The player evaluations have long since been completed, so the extra time is no benefit in that regard.
“It’s like watching paint dry,” Lewis said.
More problematic than two weeks of inactivity is the fact that the later date – which is the result of a scheduling conflict at Radio City Music Hall, where the draft has been held since 2006 – has eliminated the rookie mini camps and forced clubs to squeeze more work into a shrinking offseason schedule.
“I think the calendar the way it is this year presents problems for the football side of things,” Lewis said. “This is the time we should be spending with the players. It takes away an opportunity for the rookies. As far as teaching goes, it’s a great progression to have an opportunity for them to come and spend time at a rookie camp, have an opportunity to go home for a bit and absorb what they got exposed to and then come back with the other players and to have the second time around.”
The way things line up this year, the rookies will not participate in football drills until May 27-29 when they report for Organized Team Activities alongside the veterans.
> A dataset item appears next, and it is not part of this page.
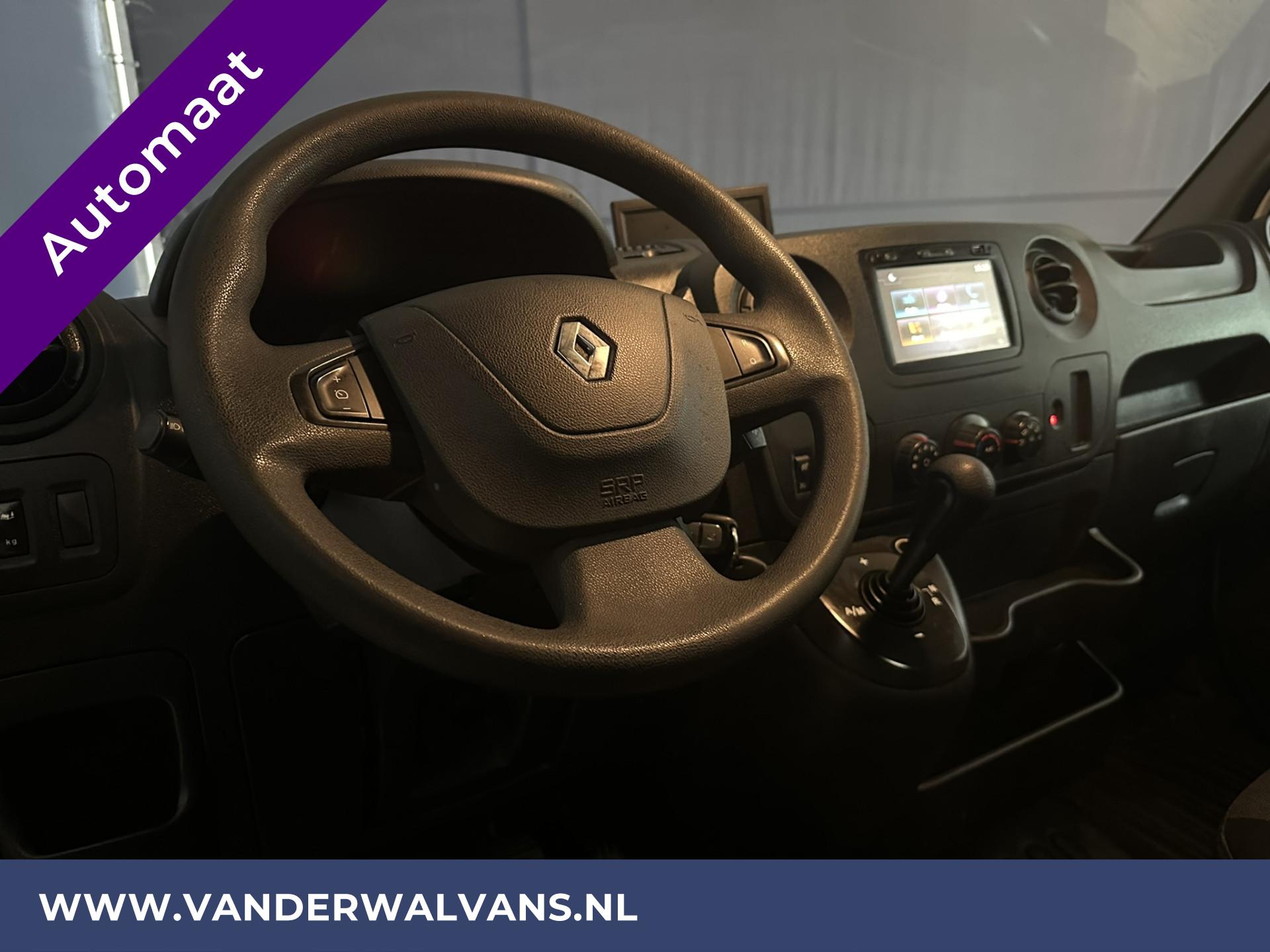 Foto 15 van Renault Master 2.3dCi 170pk Automaat L3H2 Euro6 Airco | Imperiaal | Camera | Navigatie | Cruisecontrol | Sidebars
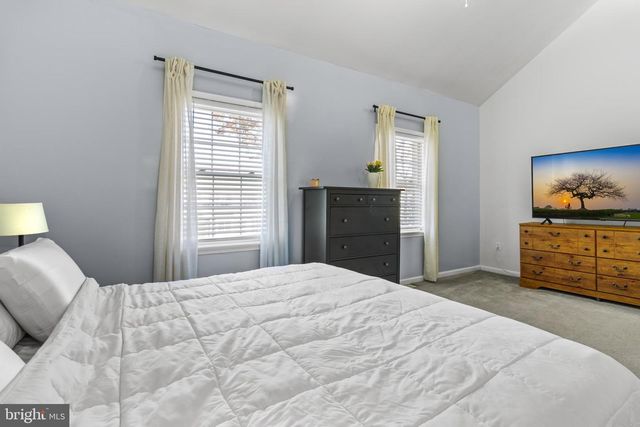 301 GOLDSMITH LN, Newark, DE 19702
“We are kind of skipping a step of that now because there is no reason to bring those guys in next week and then overwork them the next weekend because they are going to be the first guys that have all the soft tissue injuries,” Lewis said. “We are going to spend a little time with them after the fact. We are going to carve out some extra time with them to spend with their position coaches.”
The NFL has yet to announce when it will hold the 2015 draft. But the longer the league draws out the process, the more attention and revenue it generates.
And while Lewis is not fond of the extra inactivity leading up to the first round, it is keeping the mock-draft crowd, and one member of the organization, busy.
“My boss, Mike Brown, he has a mock draft about every hour,” Lewis said of the team’s president and CEO. “He plays the devil’s advocate constantly, and I think it’s a good thing. If this guy is not available, if these players are all gone and we’re looking at this pool of players, which player do you prefer and why.
“And I think that’s the scenario you’ve got to go through,” Lewis continued. “So it’s important for he and I to be always on the same page that way, and I feel like we are. We’ve got a few more times to discuss it, but he knows how I feel and whatever pick we turn it, we’ll make him the best player he can be.”
Ticket talk: Ticket Packs for the 2014 home schedule will go on sale at 9 a.m. Thursday, and both two- and four-game packs will be available.
The packs are good for seats on all three levels of Paul Brown Stadium and offer preferred options over single-game tickets, which are not yet on sale.
There are two four-game options. The Orange Pack includes games against Tennessee (Sept. 21), Carolina (Oct. 12), Jacksonville (Nov. 2) and Denver (Dec. 22), while the Black Pack features Atlanta (Sept. 14), Baltimore (Oct. 26), Cleveland (Nov. 6) and Pittsburgh (Dec. 7).
The two-game choices are Pack A (Atlanta and Pittsburgh), Pack B (Tennessee and Denver), Pack C (Carolina and Jacksonville) and Pack D (Baltimore and Cleveland).